» Aim of the task:
Pictures aside, the data must be reproduced exactly.
-.-.-
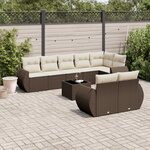 vidaXL Salon de jardin avec coussins 9 Pièces marron résine tressée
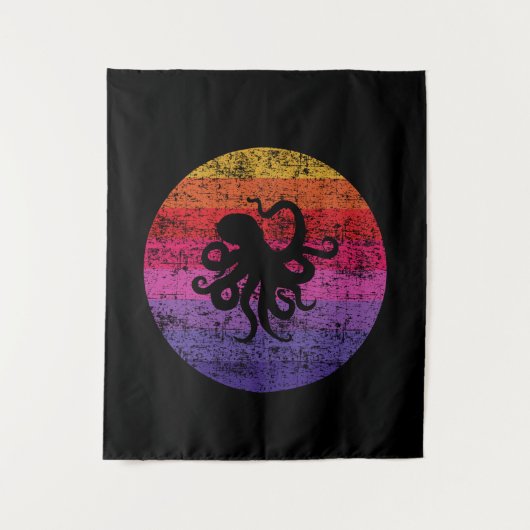 Oktopus Retro Wandteppich (Vorderseite)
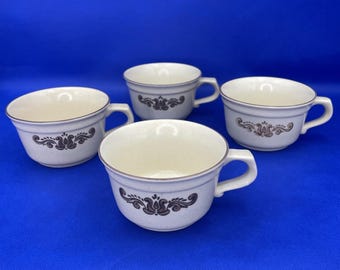 Juego de 4 tazas de sopa de café vintage Pfaltzgraff Village, de cerámica, de 227 ml (8 oz)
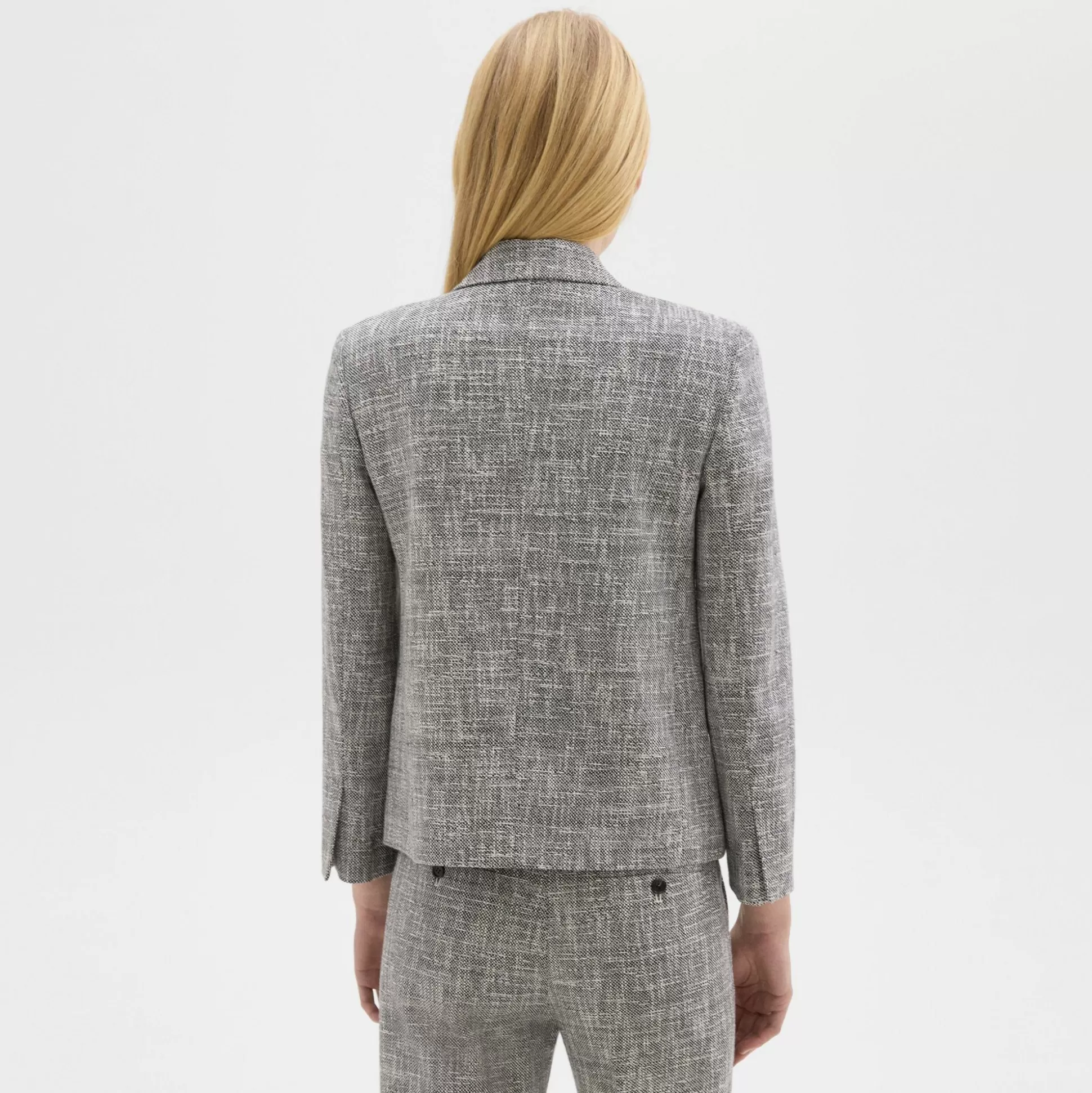 Theory Slim Blazer In Canvas Tweed-Women Blazers + Jackets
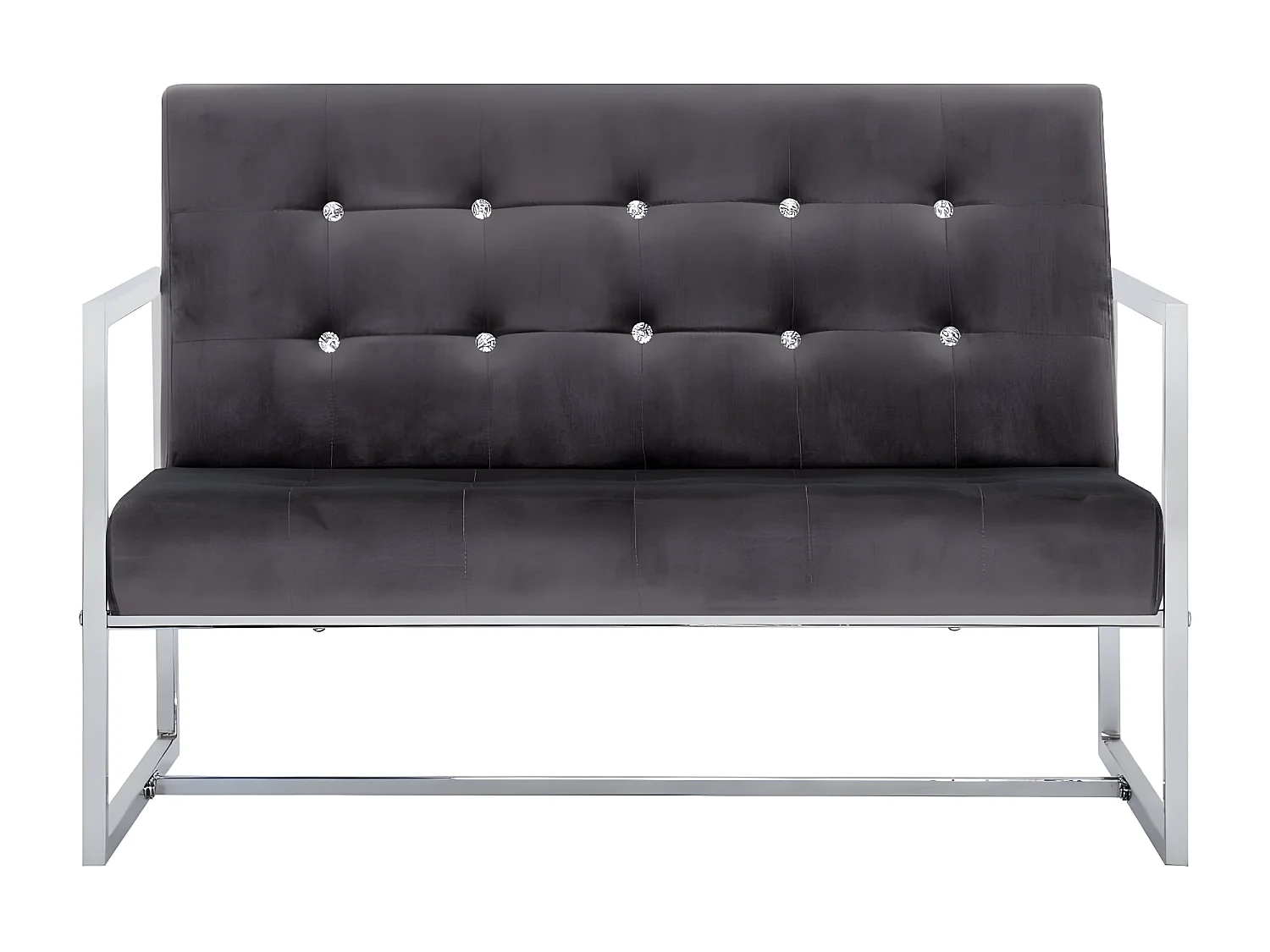 2-zitsbank met armleuningen Donkergrijs Chroom en fluweel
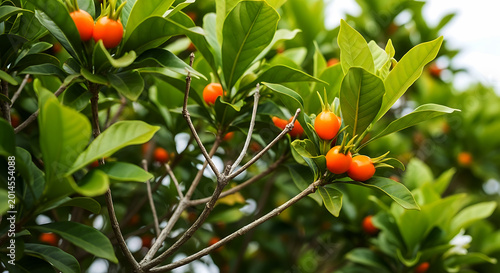 Orange berries on green leafy branches with shallow depth of field berry fruit plant tree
-.-.-
» Output for this task:
 vidaXL Salon de jardin avec coussins 9 Pièces marron résine tressée
 Oktopus Retro Wandteppich (Vorderseite)
 Juego de 4 tazas de sopa de café vintage Pfaltzgraff Village, de cerámica, de 227 ml (8 oz)
 Theory Slim Blazer In Canvas Tweed-Women Blazers + Jackets
 2-zitsbank met armleuningen Donkergrijs Chroom en fluweel
 Orange berries on green leafy branches with shallow depth of field berry fruit plant tree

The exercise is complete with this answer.